Skipping Rocks wants to stop the 1 billion plastic bottles being dumped into oceans every year, and the 300 million kg of CO2 being emitted, by replacing the containers with its own membrane structure. It comes from a seaweed extract, and while it's said to be tasteless, flavorings and colorings could be added to make it more palatable.

"When people try it for the first time, they want to eat it because it's part of the experience," company co-founder Pierre Paslier told Fast Company.

In development for two years, the balls are created by dipping a block of ice in a solution of calcium chloride and brown algae, and the membrane forms around it. An outer layer can be peeled off to keep the exterior clean for eating. You can tear a hole in one and pour the water into your mouth, or simply consume the entire thing.

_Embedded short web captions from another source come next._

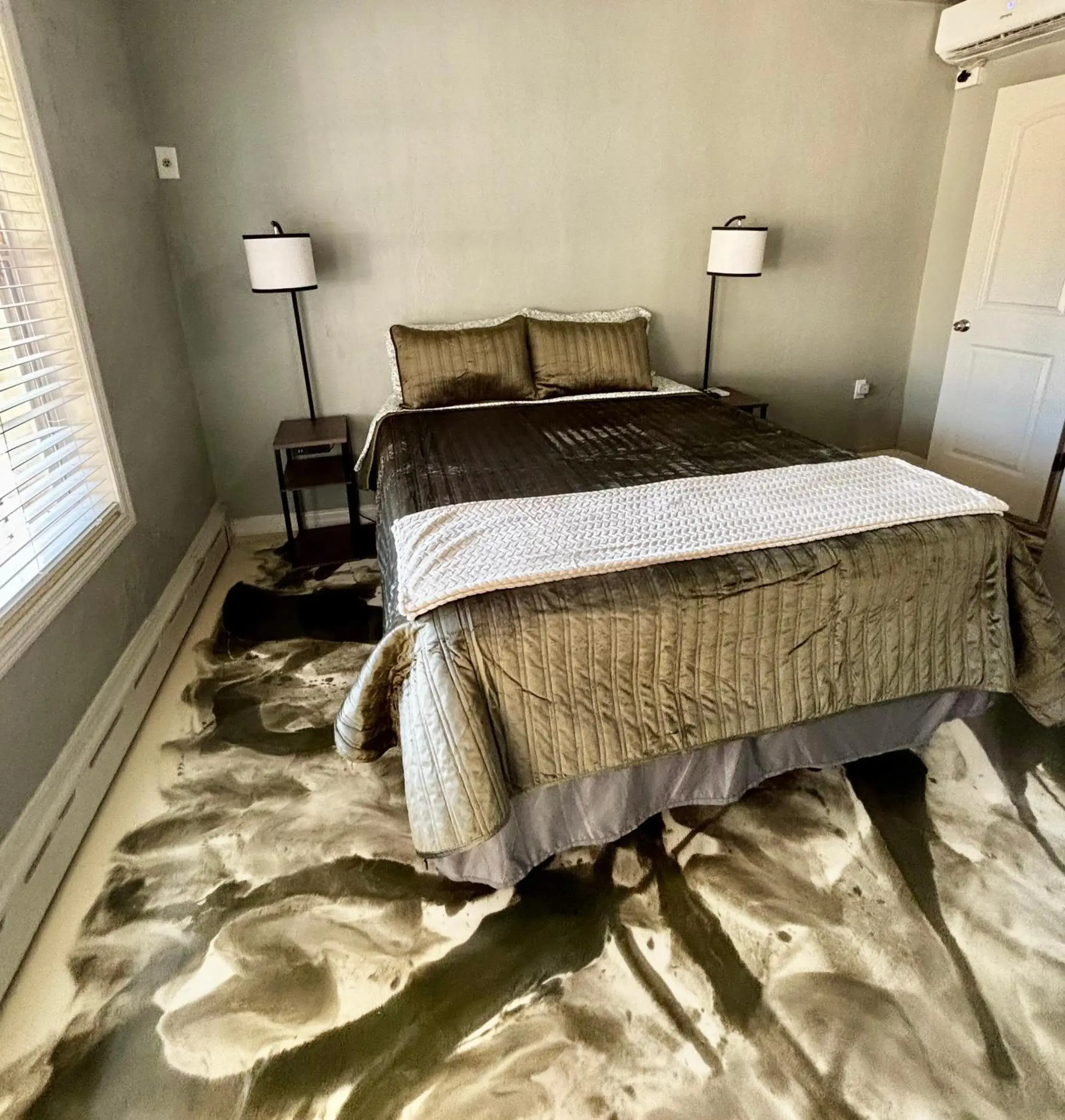 Bed in Shamrock Cove Inn Bed in Shamrock Cove Inn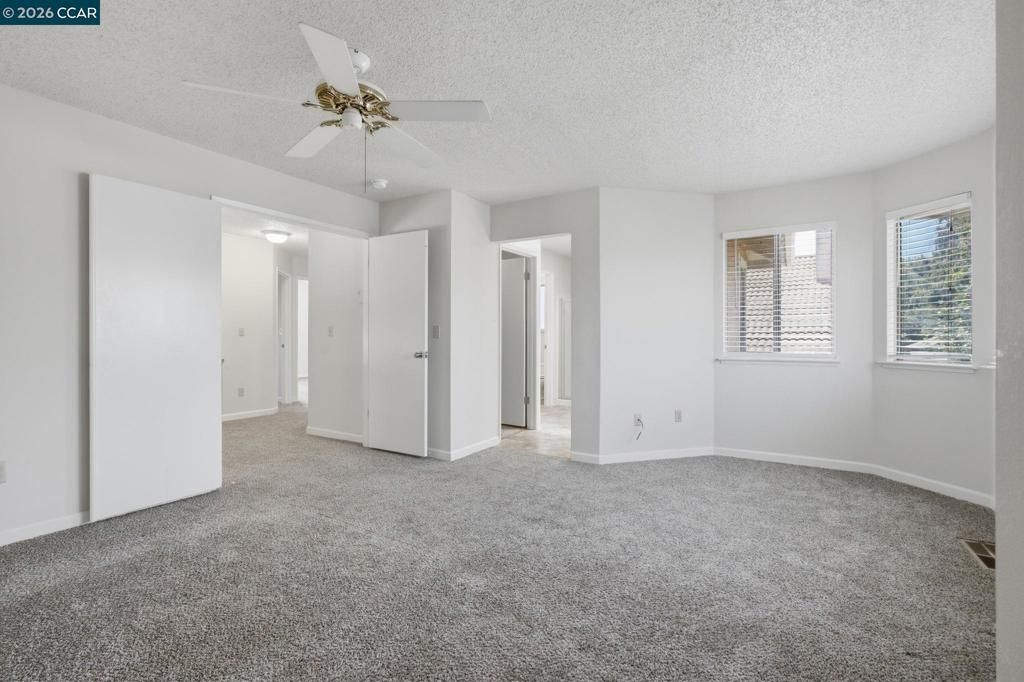 Image 39 of property listing at 6033 Lakeview Cir, Fairfield, CA 94534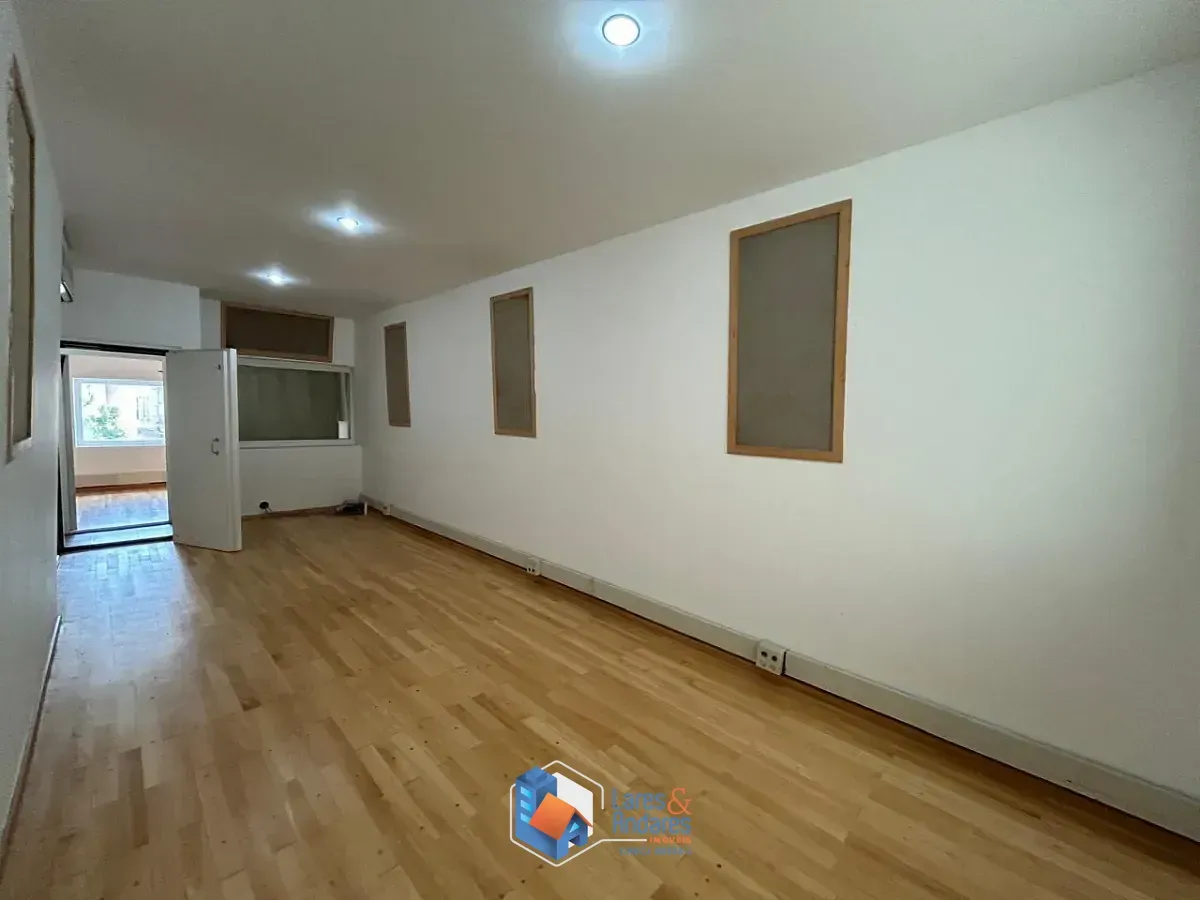 Imagem Casa para venda em Vila Mariana com 3 quartos, 200m²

Each pouch costs just two cents to produce, creates five times fewer CO2 emissions than plastic bottles, and requires nine times less energy, according to the company.

Assuming you don't want to consume the organic membrane after drinking the water it contains, you can throw it away, safe in the knowledge that it'll degrade naturally in under six weeks.

Skipping Rocks is currently raising funds on CrowdCube, where it has now reached £800,000 (just over $1 million) - double its original target - from almost 1000 investors.

It can't be denied that Ooho is an ingenious product, and one that would no doubt do well at the large scale outdoor events that Skipping Rocks is currently marketing it towards. But whether it eventually replaces water bottles entirely is another matter.